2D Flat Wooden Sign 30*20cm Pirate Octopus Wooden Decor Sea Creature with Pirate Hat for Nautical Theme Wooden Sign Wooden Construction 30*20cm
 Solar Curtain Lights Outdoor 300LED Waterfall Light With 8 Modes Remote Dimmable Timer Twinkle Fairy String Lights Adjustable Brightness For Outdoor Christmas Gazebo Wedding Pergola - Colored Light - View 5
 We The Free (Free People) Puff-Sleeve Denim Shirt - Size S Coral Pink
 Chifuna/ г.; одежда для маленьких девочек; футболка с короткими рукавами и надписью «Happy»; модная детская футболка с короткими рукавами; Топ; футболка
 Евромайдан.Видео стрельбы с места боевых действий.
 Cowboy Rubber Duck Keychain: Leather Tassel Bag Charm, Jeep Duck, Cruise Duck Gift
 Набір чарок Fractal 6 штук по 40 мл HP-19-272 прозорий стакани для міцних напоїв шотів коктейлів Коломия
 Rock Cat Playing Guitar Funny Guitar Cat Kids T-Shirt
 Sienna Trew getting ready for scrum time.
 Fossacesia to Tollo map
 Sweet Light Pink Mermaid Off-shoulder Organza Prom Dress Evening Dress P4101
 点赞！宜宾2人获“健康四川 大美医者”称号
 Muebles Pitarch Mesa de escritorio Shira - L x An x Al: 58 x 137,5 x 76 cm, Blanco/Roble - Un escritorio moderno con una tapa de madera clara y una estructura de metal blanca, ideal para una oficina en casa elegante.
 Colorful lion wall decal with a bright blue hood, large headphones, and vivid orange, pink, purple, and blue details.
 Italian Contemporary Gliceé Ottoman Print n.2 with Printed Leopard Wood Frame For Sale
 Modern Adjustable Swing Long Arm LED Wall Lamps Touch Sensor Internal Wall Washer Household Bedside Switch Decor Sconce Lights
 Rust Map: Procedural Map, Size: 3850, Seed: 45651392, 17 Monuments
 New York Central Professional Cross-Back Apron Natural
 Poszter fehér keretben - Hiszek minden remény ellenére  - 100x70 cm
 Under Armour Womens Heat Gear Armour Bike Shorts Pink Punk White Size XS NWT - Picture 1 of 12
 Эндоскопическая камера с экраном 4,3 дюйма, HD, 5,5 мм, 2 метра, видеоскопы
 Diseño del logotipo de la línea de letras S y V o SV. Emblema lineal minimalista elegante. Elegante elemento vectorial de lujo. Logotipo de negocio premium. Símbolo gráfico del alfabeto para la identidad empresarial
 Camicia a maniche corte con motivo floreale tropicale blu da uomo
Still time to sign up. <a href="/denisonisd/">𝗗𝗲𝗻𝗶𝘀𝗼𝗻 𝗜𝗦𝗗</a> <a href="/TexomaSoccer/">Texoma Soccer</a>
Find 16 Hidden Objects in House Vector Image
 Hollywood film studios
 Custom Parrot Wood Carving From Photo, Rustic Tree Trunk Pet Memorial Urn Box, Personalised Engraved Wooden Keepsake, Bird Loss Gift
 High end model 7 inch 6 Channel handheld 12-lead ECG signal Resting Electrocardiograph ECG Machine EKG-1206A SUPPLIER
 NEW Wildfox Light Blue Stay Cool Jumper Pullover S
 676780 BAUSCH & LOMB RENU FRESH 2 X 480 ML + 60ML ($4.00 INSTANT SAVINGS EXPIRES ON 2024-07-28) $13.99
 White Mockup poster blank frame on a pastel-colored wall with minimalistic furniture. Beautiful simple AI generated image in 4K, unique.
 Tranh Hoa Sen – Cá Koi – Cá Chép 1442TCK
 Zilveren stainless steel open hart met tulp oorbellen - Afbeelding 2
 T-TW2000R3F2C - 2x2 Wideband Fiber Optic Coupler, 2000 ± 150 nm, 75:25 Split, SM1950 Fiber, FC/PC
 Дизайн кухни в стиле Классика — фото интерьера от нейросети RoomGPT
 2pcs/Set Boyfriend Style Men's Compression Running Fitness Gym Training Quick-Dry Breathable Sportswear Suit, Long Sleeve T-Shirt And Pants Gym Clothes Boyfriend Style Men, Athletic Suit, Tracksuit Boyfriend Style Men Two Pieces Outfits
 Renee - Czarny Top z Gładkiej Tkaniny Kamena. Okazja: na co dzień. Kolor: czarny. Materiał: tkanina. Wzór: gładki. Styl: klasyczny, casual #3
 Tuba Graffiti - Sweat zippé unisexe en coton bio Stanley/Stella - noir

------------------------------------------------------------------------

The task
From the listing above, repeat exactly the lines starting at the line that includes "Diseño del logotipo" and ending at the line that includes "Дизайн кухни в", with nothing outside that span.

Written solution
 Diseño del logotipo de la línea de letras S y V o SV. Emblema lineal minimalista elegante. Elegante elemento vectorial de lujo. Logotipo de negocio premium. Símbolo gráfico del alfabeto para la identidad empresarial
 Camicia a maniche corte con motivo floreale tropicale blu da uomo
Still time to sign up. <a href="/denisonisd/">𝗗𝗲𝗻𝗶𝘀𝗼𝗻 𝗜𝗦𝗗</a> <a href="/TexomaSoccer/">Texoma Soccer</a>
Find 16 Hidden Objects in House Vector Image
 Hollywood film studios
 Custom Parrot Wood Carving From Photo, Rustic Tree Trunk Pet Memorial Urn Box, Personalised Engraved Wooden Keepsake, Bird Loss Gift
 High end model 7 inch 6 Channel handheld 12-lead ECG signal Resting Electrocardiograph ECG Machine EKG-1206A SUPPLIER
 NEW Wildfox Light Blue Stay Cool Jumper Pullover S
 676780 BAUSCH & LOMB RENU FRESH 2 X 480 ML + 60ML ($4.00 INSTANT SAVINGS EXPIRES ON 2024-07-28) $13.99
 White Mockup poster blank frame on a pastel-colored wall with minimalistic furniture. Beautiful simple AI generated image in 4K, unique.
 Tranh Hoa Sen – Cá Koi – Cá Chép 1442TCK
 Zilveren stainless steel open hart met tulp oorbellen - Afbeelding 2
 T-TW2000R3F2C - 2x2 Wideband Fiber Optic Coupler, 2000 ± 150 nm, 75:25 Split, SM1950 Fiber, FC/PC
 Дизайн кухни в стиле Классика — фото интерьера от нейросети RoomGPT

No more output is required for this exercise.